M. Jules Lemaître se place à un point de vue tout différent de celui de Taine. Envisageant les œuvres littéraires comme autant de documens, Taine ne voyait dans la tragédie de Racine qu’un reflet des mœurs du XVIIe siècle. On sait la fameuse phrase : « Si j’avais le plaisir d’être duc et l’honneur d’être millionnaire… » Donc il aurait prié quelques survivans de l’ancienne société de s’habiller comme des courtisans de Louis XIV, et dans un haut salon de panneaux sculptés et de longues glaces un peu verdâtres, il les aurait conviés à causer. « Alors, pour la première fois, je verrais le théâtre de Racine et je penserais enfin l’avoir compris. » M. Jules Lemaître ne le penserait pas. Ce qui fait la grandeur de la tragédie racinienne, c’est qu’elle embrasse d’immenses parties de l’histoire. Là-dessus on relira une très belle page de M. Lemaître. C’est ainsi que, sans appareil d’érudition et sans étalage de controverse, le nouvel historien de Racine a su dégager l’opinion qui a le plus de chances d’être exacte, et nous donner de l’homme et du poète un portrait vivant et ressemblant. Son livre est l’étude la plus pénétrante que nous ayons sur un sujet qui est au centre même de notre littérature Et il faut le remercier d’en avoir parlé, non pas seulement avec tant de finesse, mais avec tant de chaleur de cœur ! Il a eu des trouvailles d’expression pour définir la « fraîcheur d’enchantement » qu’apportait Andromaque ou pour célébrer la « merveille de Phèdre. »
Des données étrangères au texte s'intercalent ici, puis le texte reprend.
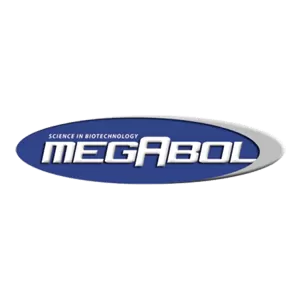 Megabol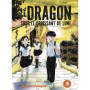 LE DRAGON SOUS LE CROISSANT DE LUNE VOL.5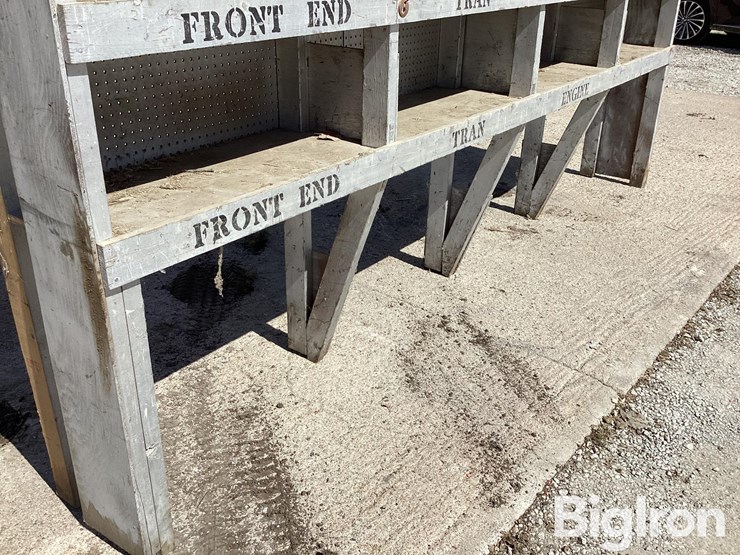 wooden-cabinet-shelving-image-10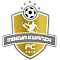 Мбея Кванза ФК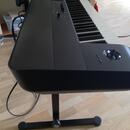 Korg Krome 88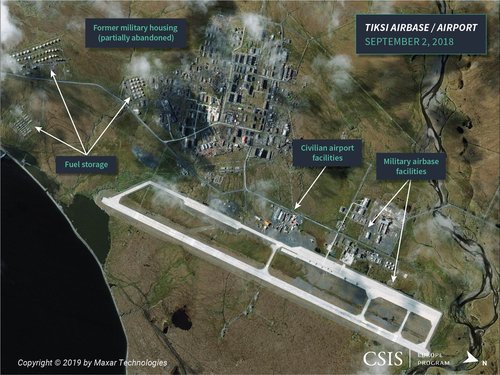 Tiksi_airbase_8_14-image2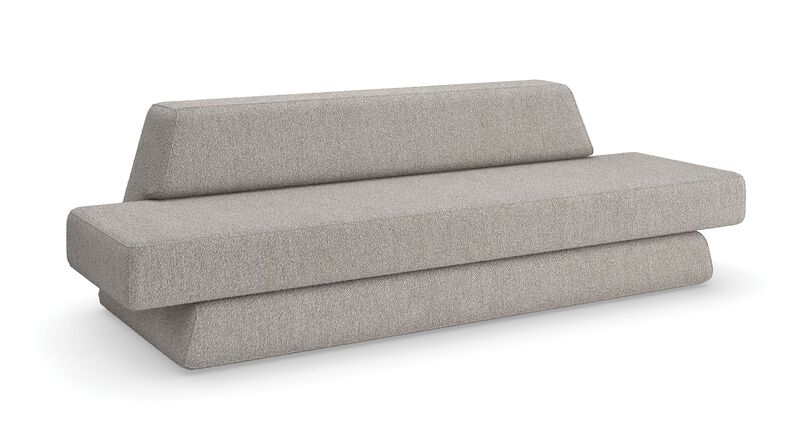 Nova Sofa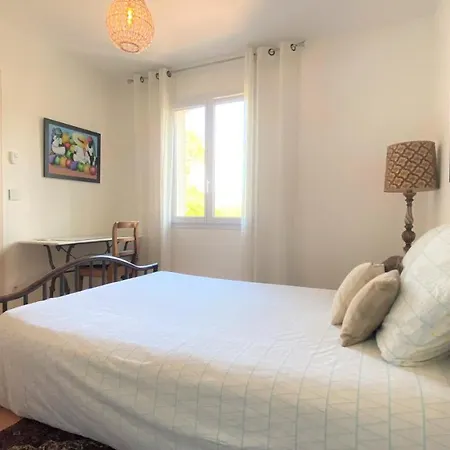 Terre De Provence - Saint-raphael Valescure - Piscine & Clim Prox. Golf 别墅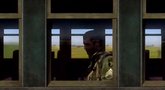 Brothers in Arms: Hell's Highway Movie #3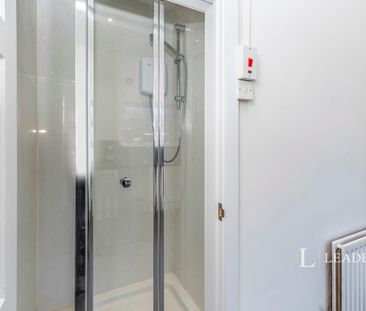 apartment to rent Northam Road, Southampton, SO14 - Photo 5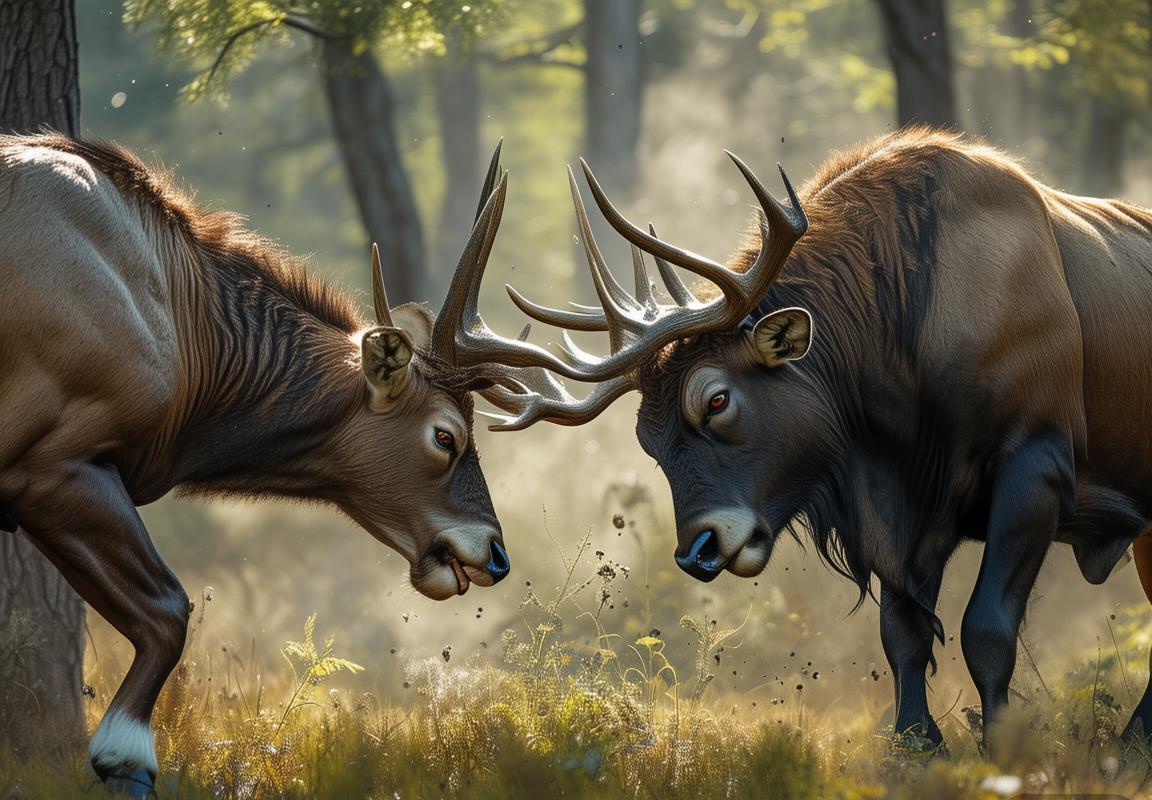 2015年NBA季后赛：雄鹿VS公牛系列赛激情对决回顾(图2)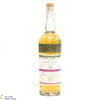 Blair Athol - 11 Year Old 2012 - Old Malt Cask Thumbnail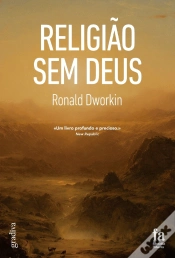 Capa do artigo Religião Sem Deus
« Faites-nous des Lettres persanes ! » disaient aux auteurs les libraires du XVIIIe siècle, comme si pour faire du Montesquieu il n’y avait qu’à le vouloir. Et nous, c’est à M. Jules Lemaître lui-même, si nous avions chance d’en être écouté, que nous dirions : « Faites-nous des Racine ! Faites-nous des Jean-Jacques Rousseau ! Vous les faites trop bien pour que cela vous ennuie beaucoup, et vous rendez ainsi aux lettres un si grand service ! » Car l’élite est encore nombreuse qui se plaît à voir retracer les grandes époques de notre art classique. Encore ne faut-il la laisser ni se disperser, ni se décourager. Elle a eu naguère de belles fêtes. Il y a quelques années, elle a pu, presque dans la même semaine, lire un Essai de Bourget, un Contemporain de Lemaître, une Vie littéraire d’Anatole France, une étude de Brunetière, de Vogüé, de Faguet. C’était une merveilleuse excitation à penser. Et je doute qu’on puisse, d’ici longtemps, revoir une pareille réunion d’écrivains à idées. Nous n’avons que plus de besoin qu’on écrive encore pour nous de ces études solides et délicates où, comme on eût dit jadis, l’agrément le dispute au savoir. Les livres de M. Jules Lemaître, dans sa nouvelle manière, sont incomparables pour entretenir et aviver cette ferveur littéraire qui est l’honneur de notre meilleure société. C’est pourquoi nous souhaitons que les deux volumes déjà parus, et accueillis avec une faveur unanime, soient le commencement d’une série.


RENE DOUMIC.

  1. Jean Racine, par M. Jules Lemaitre, 1 vol. in-18. Calmann-Lévy.
  2. G. Michaut, la Bérénice de Racine, 1 vol. in-18 (Société française d’imprimerie et de librairie).